You can search and download any of their 5,000 resources, which date from the 1950s through 2011. I checked some of the older resources, and FMO appears to be the only place you can find copies of some of them online. In my dataset, I cataloged this as a “partially available” resource, since the rest of the FMO site is down.

One item in the Digital Library, presented with info about authors, date, subject, publisher, etc.

Look at this metadata! The project team put a lot of work into compiling and adding to this information, and making the fair-use case to make these thousands of documents available to the public. I hope that this repository stays online, especially we are still in the midst of a global refugee crisis.

So here’s the breakdown of this project’s afterlife:

In total, the Forced Migration Online project was fully available on the open web for 16 or 17 years. After 4 years of funding issues, it was taken offline, except for the repository, which is a valuable collection of documents that remains online… For now.

Case study: Clotel Electronic Edition, Documents Compass

Let’s take a look at another project, the Clotel Electronic Edition, which has an unexpected afterlife.

Clotel landing page

Clotel is said to be the first African-American novel. There were four versions with different endings published. The Electronic Edition project made these available online, with lots of other critical resources as well. In 2015, I cataloged this project as still available online. The full scholarly edition itself was paywalled, but the project had a thorough website with many resources. The project was part of Documents Compass, a grant-funded project out of the Virginia Foundation for the Humanities.

Documents Compass landing page, with subtitle, serving the documentary editor

This is what it looked like as late as 2014. The text says that they “provide non-profit assistance to those who are engaged in or planning documentary editing projects…”

This year, the URL for the Clotel scholarly edition brought me to a “Page not found” landing page at the same URL, documentscompass.org. I took a look at the rest of the site, thinking maybe it was moved without a redirect.

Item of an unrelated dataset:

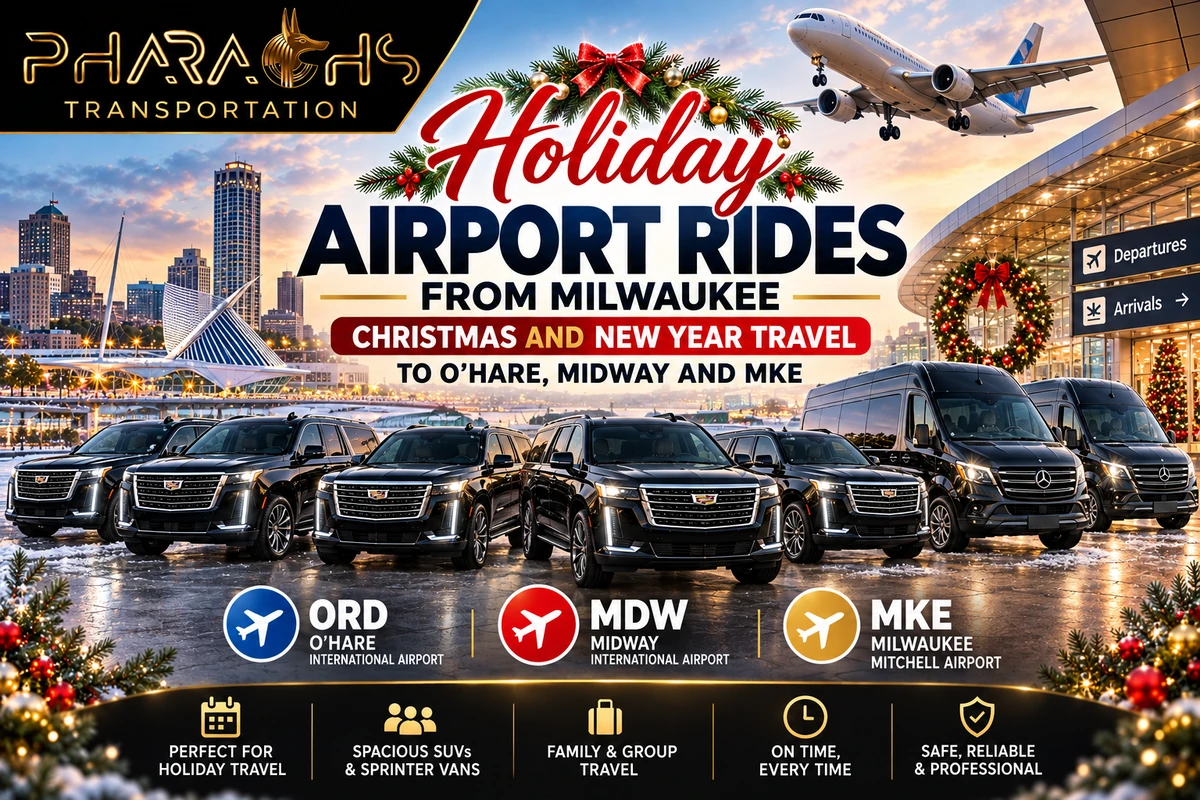 Pharaohs Transportation holiday airport rides from Milwaukee to O’Hare, Midway and MKE in black Cadillac Escalade SUVs and Sprinter vans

Documents Compass, newer-looking website

On the site’s homepage, much of the wording is the same — “We provide non-profit assistance to those who are engaged in or planning documentary editing projects,” they mention XML, data tagging, and other things you might expect. But something felt “off” to me. The stock images looked too anodyne.

Documents Compass newer website with images of people typing

Scrolling down on the page, the site mentions that Documents Compass is a program of the Virginia Foundation for the Humanities, same as the previous site. But what was bugging me, then?

Blog posts with the plural of videos spelled with an apostrophe, in misspelled as is, and other typos

I scrolled down some more and looked at their blog posts, which were riddled with typos! Lots of spare apostrophes, random capitalization, verb tense errors. And suddenly documentary editing was equated with filming documentaries?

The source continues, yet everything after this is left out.